2021-06-18 11:13:56 | 日記・エッセイ・コラム

ひとつ前のブログ「急流に流れ落ちる滝のような滝石」は、このようなマイナーなブログでも久しぶりに反響が大きかったように思えます。

中でも、特に印象深かったのは、ブログを通じてメール交換が始まったHさんからの「登り龍」説です。その素晴らしい見立てには感動しましたので、長文ながら原文のまま紹介したいと思います。

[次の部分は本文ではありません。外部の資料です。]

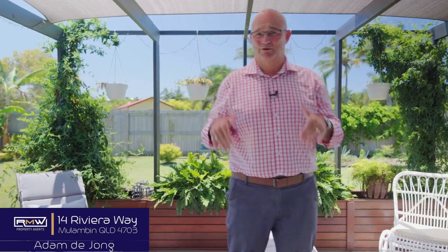So if it sounds like something you're chasing, give me a call and we'll check out 14 Riviera Way here in Malumban together. Guys, have a great day. Keep smiling and bye for now. Imagine a cup of coffee out here in the morning!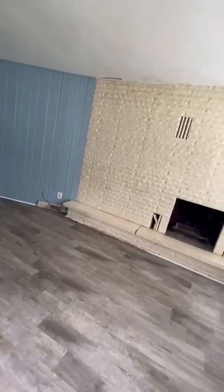LVP flooring. Nice paint. Here's your living room — it's about 14 by 16 or 18. That's good.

「ちなみに私は、白波の波頭激しく巻き起こし海を割って、

今まさに龍が天に昇って行った景色と見ました。

日本絵画史上最大の40mを誇る日本画、横山大観の「生生流転」は、

天から雨が降り注ぎ、山から里へ川として流れ下り、やがて大海にそそぎ、

大海から竜巻となって再び天に帰る「水の一生」と、それを龍になぞらえ、また、

水、龍、にとどまらない世の大きな巡りを描いたものです。

 その壮大な「生生流転」の水の一生の最後、龍となり天に昇った、その龍の尾と、

水しぶきが、今日のブログの石の紋様に見えました。

 私の場合、この石は盛大に「昇る」「上昇」シーンで、上部中央に点々と水しぶきの

散ったところが、なんとも言えない「萌えポイント」でした。」

どうでしょうか?

Hさんは糸魚川の海岸で紋様石だけを20年以上拾い集めているそうですが、紋様石愛好家が増えて欲しいと願っておられます。石を眺めながら、各人それぞれの鑑賞の趣向を語らうことができたなら、より一層、石の味わい深さと、楽しみの奥行きが増すことでしょう。と説かれておりました。

私は共感しました。

同じ石の紋様でも、ある人には山並みに、ある人には滝石に、そしてある人には登り龍に、さらに水の波は雲海にも見立てられます。重要なのは石の方ではなく、鑑賞する側のイマジネーションにあるのです。

そういう意味では、石は妄想誘発装置のようなものです。そのように思ってしまいました。